One dear friend, Cheryl Lynch, founder of American Veteran’s with Brain Injuries, and a mother of a veteran with TBI proposes a simple, yet brilliant way of solving the issues of stipend calculations: differentiate between “some of the time,” “most of the time” and “all of the time.”  Apply these terms to the veteran, do they need help/oversight some of the time, most of the time, or all of the time? Develop a check list around the ADL’s (activities of daily living) and  IADL’s (independent activities of daily living), and answer the question, “does the veteran need assistance in this area some of the time, most of the times, or all of the time.”  “Some of the time” would be someone who can get dressed and do many of his tasks on his own, yet needs to have 'someone' available for oversight and in case things go wrong.  “Most of the time” would be someone like Steven who without oversight cannot function day to day. “All of the time” would be someone who without the help of others cannot function hour to hour.

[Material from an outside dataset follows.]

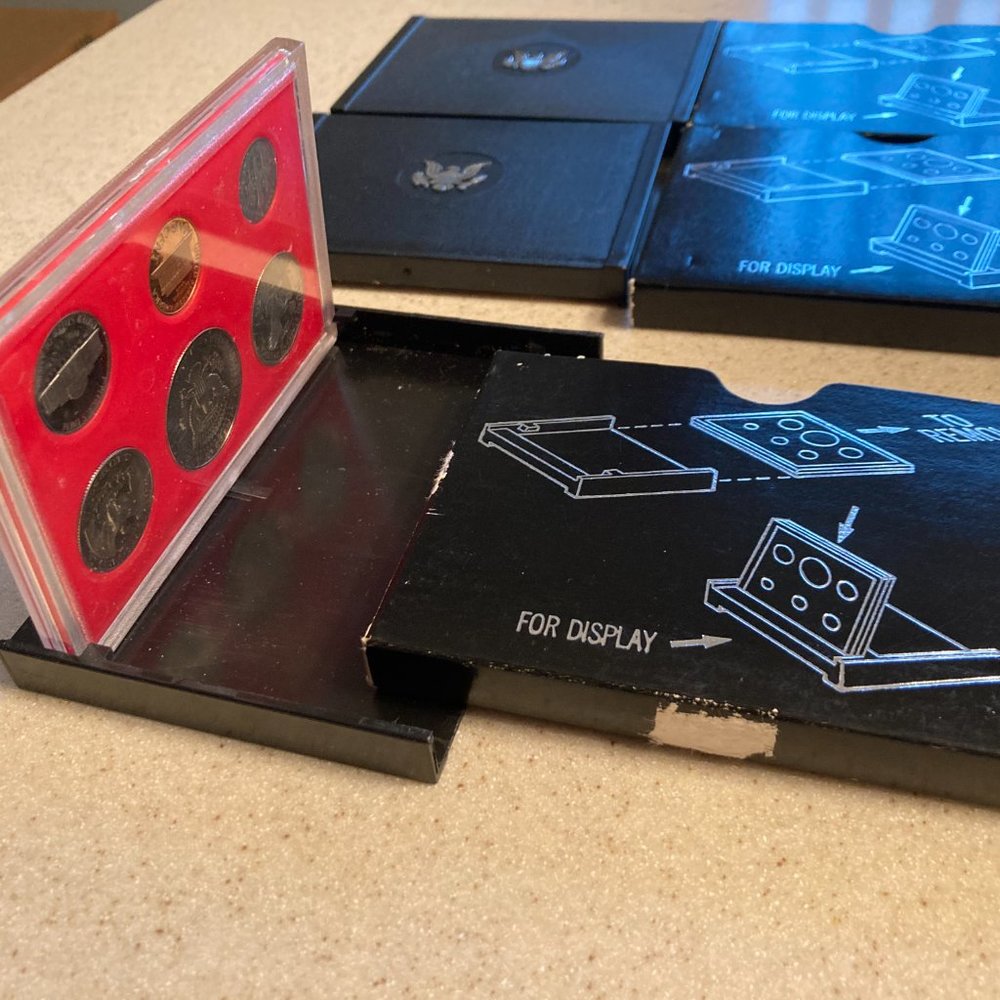 U.S. Mint Proof Sets 1980 Thru 1989  Lot of 10 - Picture 3 of 12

I also think that there is room to have spaces in between so the veteran would be moved to the higher rating because of specifics, like seizures, suicide risks, safety, etc. A rating like this would also eliminate the artificial setting of an hourly rate.  The need for flexibility in ratings is crucial, because veterans with TBI, PTSD, or mental health issues may have flare-ups in their conditions resulting in decreased abilities.   Right now there does not seem to be consistent application as to why VA considers any particular veteran to need 10 vs. 25 vs. 40 hours of caregiving, and that is a BIG problem.

In closing, let me thank you on behalf of my family and other caregivers across the country for your sincere efforts to make this program a success.  The problems I’ve highlighted can be solved.  Doing so will not only strengthen this important program, but improve the well-being of our wounded warriors.

 Thank you for the privilege of testifying.  I would be happy to answer any questions you might have.